* TASK DIRECTIONS
An exact transcription of the lines below, from the first through the one containing "mitsuri chibi cute", is the only output wanted.

Records from a data collection
|---|

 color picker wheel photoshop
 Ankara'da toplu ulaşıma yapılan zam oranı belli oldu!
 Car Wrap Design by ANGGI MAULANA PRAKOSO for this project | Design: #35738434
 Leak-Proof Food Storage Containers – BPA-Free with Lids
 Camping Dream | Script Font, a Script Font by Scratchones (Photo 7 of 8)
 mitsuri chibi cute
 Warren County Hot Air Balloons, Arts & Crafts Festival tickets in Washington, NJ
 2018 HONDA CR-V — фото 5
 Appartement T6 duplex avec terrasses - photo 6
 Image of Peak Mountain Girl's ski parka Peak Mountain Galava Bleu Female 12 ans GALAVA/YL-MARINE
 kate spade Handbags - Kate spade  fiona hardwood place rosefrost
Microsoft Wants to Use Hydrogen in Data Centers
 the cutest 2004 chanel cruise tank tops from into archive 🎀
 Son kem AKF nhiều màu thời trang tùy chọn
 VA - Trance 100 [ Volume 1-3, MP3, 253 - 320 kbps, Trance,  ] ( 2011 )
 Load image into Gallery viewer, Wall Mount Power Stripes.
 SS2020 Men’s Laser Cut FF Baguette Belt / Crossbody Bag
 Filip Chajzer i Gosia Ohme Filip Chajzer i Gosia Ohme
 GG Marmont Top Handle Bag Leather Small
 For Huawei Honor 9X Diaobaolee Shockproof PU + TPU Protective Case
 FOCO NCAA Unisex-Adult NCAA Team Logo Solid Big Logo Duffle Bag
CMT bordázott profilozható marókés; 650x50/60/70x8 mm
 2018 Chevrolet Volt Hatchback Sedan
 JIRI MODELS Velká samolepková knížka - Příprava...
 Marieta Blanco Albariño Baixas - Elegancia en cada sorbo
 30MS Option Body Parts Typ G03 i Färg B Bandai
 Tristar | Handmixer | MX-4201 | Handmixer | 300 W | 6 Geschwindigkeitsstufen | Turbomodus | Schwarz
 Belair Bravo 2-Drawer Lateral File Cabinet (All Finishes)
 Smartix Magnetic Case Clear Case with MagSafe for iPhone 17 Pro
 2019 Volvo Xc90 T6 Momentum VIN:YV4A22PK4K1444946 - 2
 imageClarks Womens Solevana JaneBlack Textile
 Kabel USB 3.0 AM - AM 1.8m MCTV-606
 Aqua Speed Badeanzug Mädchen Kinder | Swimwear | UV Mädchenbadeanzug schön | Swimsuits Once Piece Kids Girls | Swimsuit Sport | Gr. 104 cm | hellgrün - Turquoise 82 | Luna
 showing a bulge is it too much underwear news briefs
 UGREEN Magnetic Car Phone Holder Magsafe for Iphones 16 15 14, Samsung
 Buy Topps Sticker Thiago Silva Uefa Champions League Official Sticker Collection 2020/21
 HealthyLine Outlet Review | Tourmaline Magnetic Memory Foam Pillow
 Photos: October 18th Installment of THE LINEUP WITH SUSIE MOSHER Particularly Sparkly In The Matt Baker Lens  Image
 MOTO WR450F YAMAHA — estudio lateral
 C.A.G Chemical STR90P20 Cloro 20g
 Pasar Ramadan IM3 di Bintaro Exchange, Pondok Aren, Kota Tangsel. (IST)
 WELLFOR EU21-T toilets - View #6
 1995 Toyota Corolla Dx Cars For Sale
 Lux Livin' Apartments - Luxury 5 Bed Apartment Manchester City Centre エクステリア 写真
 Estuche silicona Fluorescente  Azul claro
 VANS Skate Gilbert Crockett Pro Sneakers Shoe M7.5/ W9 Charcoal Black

|---|

* WRITTEN RESPONSE
 color picker wheel photoshop
 Ankara'da toplu ulaşıma yapılan zam oranı belli oldu!
 Car Wrap Design by ANGGI MAULANA PRAKOSO for this project | Design: #35738434
 Leak-Proof Food Storage Containers – BPA-Free with Lids
 Camping Dream | Script Font, a Script Font by Scratchones (Photo 7 of 8)
 mitsuri chibi cute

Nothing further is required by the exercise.